MEET: Mixture of Experts Extra Tree-Based sEMG Hand Gesture Identification
Naveen Gehlot, Ashutosh Jena, Rajesh Kumar, Mahipal Bukya
TL;DR
This work tackles hand-gesture recognition from noninvasive sEMG signals, a domain challenged by multi-class biases and variability across subjects. It introduces MEET, a mixture of experts built on Extra Trees with a gating mechanism, training experts on class-specific subsets and a gate to weight outputs. Using 17 handcrafted time- and frequency-domain features derived from two-channel sEMG data collected across four subjects and six gestures, MEET outperforms ten standard classifiers, achieving up to about 89% accuracy and favorable recall/F1 metrics. The study demonstrates MEET's potential for robust, scalable gesture decoding with implications for prosthetic control and human–computer interfaces, and outlines future work toward domain transfer, hybrid models, and hyperparameter optimization.
Abstract
Artificial intelligence (AI) has made significant advances in recent years and opened up new possibilities in exploring applications in various fields such as biomedical, robotics, education, industry, etc. Among these fields, human hand gesture recognition is a subject of study that has recently emerged as a research interest in robotic hand control using electromyography (EMG). Surface electromyography (sEMG) is a primary technique used in EMG, which is popular due to its non-invasive nature and is used to capture gesture movements using signal acquisition devices placed on the surface of the forearm.
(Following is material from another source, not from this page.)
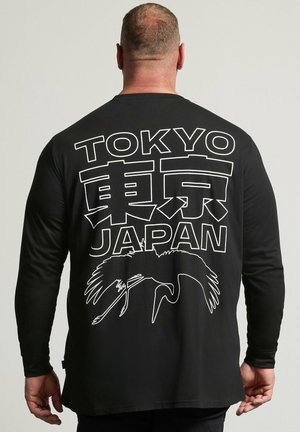 Hombre vistiendo una camiseta negra de manga larga con texto blanco "TOKYO" y "JAPAN" y caracteres japoneses encima de un contorno blanco de un pájaro grulla en la espalda.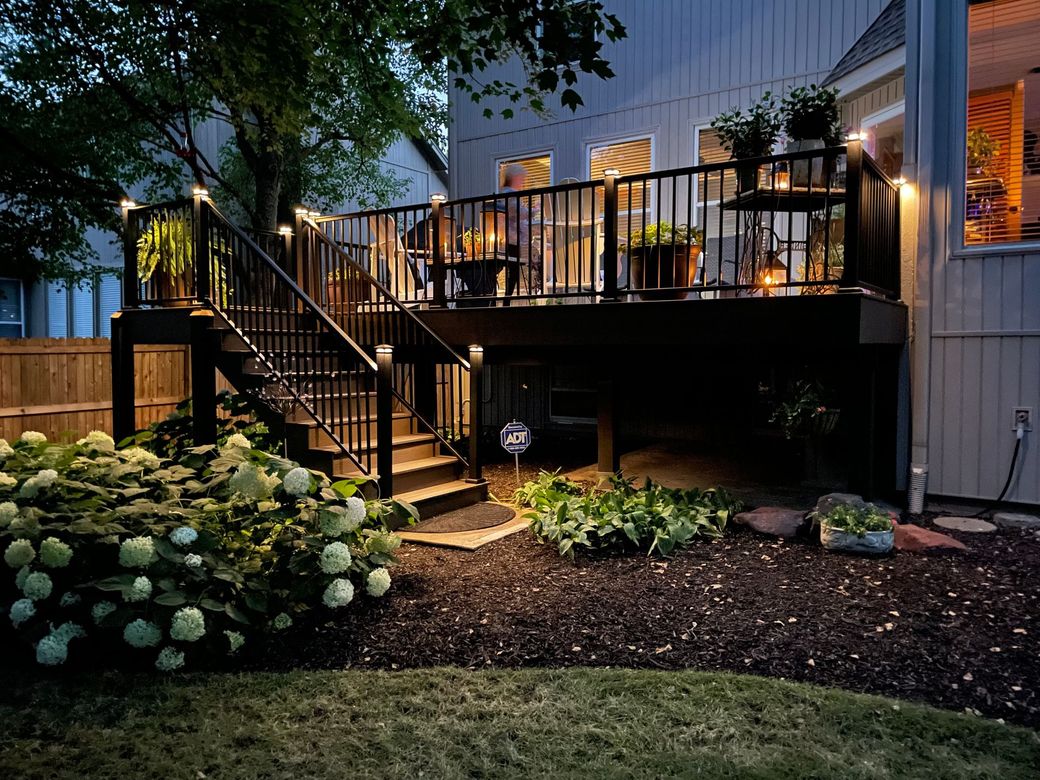 A lit-up wooden deck with stairs and black railings at dusk, surrounded by landscaping and house.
Moreover, these signals are pre-processed to extract significant handcrafted features through time and frequency domain analysis. These are helpful and act as input to machine learning (ML) models to identify hand gestures. However, handling multiple classes and biases are major limitations that can affect the performance of an ML model. Therefore, to address this issue, a new mixture of experts extra tree (MEET) model is proposed to identify more accurate and effective hand gesture movements. This model combines individual ML models referred to as experts, each focusing on a minimal class of two. Moreover, a fully trained model known as the gate is employed to weigh the output of individual expert models. This amalgamation of the expert models with the gate model is known as a mixture of experts extra tree (MEET) model. In this study, four subjects with six hand gesture movements have been considered and their identification is evaluated among eleven models, including the MEET classifier. Results elucidate that the MEET classifier performed best among other algorithms and identified hand gesture movement accurately.